It is interesting to note that internet and mobile-cellular phones, at least from the vantage point of end users, are complimenting one another which will have further potential to amplify the changes brought by the technology. Furthermore, mobile phones are now replacing many of technical gadgets from camera to car navigation system. It is safe to say that the changes in the artifacts will be happening in the future as well and digital technology will not stop only with these two ultimate manifestations.

The proliferation of information technology is being used and have potential to be used in many areas that can improve living conditions of humans. In today's digital age every information can be digitized, stored, retrieved, processed and and this is very fascinating as it can change lives of millions for good. Disaster risk management is one of such areas where utilization of the technology can have multitudes of positive impact. Disasters claim thousands of lives each year, affect millions and damages billion dollars worth of property throughout the world and disaster risk reduction has become a mainstream agenda in the sustainable development (UNDP, 2004).

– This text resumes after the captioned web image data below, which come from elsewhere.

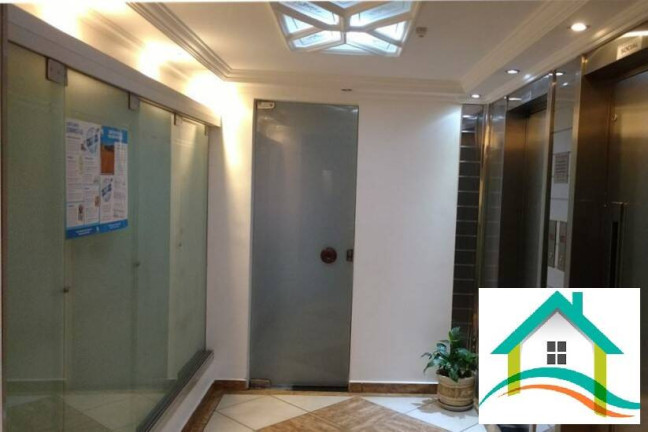 Imagem Apartamento com 3 Quartos à Venda, 105 m² em Jardim Vila Mariana - São Paulo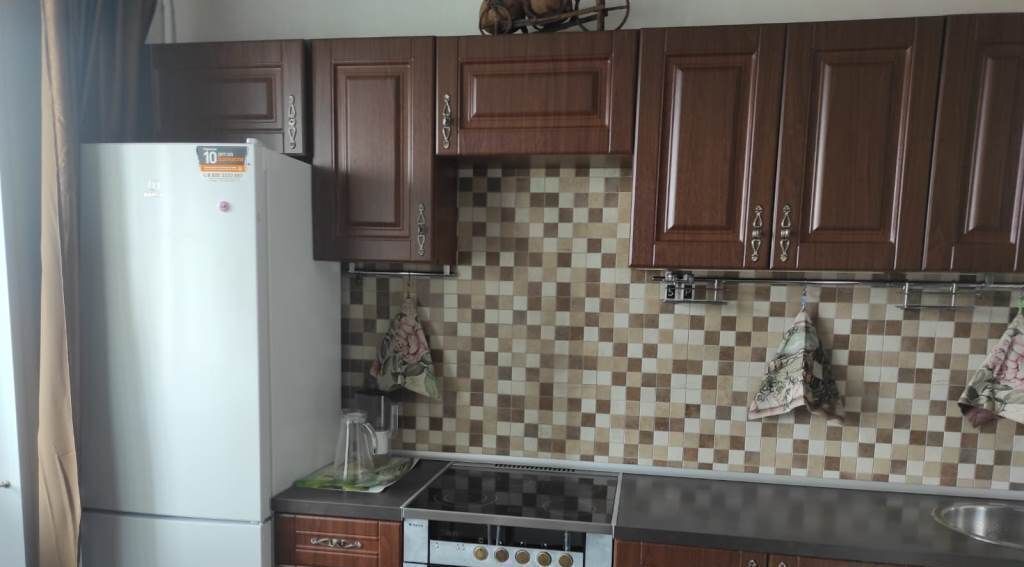 квартира г Москва метро Новокосино ул Салтыковская 29к/1 фото 10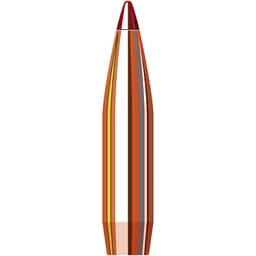 Hornady ELD-X .30/.308 Cal 200gr Bullets w/1:10" Recommended Twist Rate (100/Box) 3076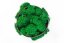Muschio stabilizzato purificato - lichene -  Verde smeraldo - Finlandese - Peso: 1kg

Disaster risk management comprises of three stages – preparation in advance to minimize impact of disaster, minimizing the losses during onset of a disaster and building back better in the aftermath of a disaster. In order to minimize impact from the disaster, in advance preparation at all three stages is very important. Information and information technology have tremendous potential to minimize disaster risk as they are key to preparation in all three stages of disaster management. The application of information technology in disaster management has been reviewed by many researchers such as Stephenson and Anderson (1997) and Raio, Eisenberg and Schmit (2007) and case studies of application of the such technologies in emergency management (Mulrow, 2010; Banjo, 2012) and in alert and preparedness (Kuula et al., 2013) are also reported.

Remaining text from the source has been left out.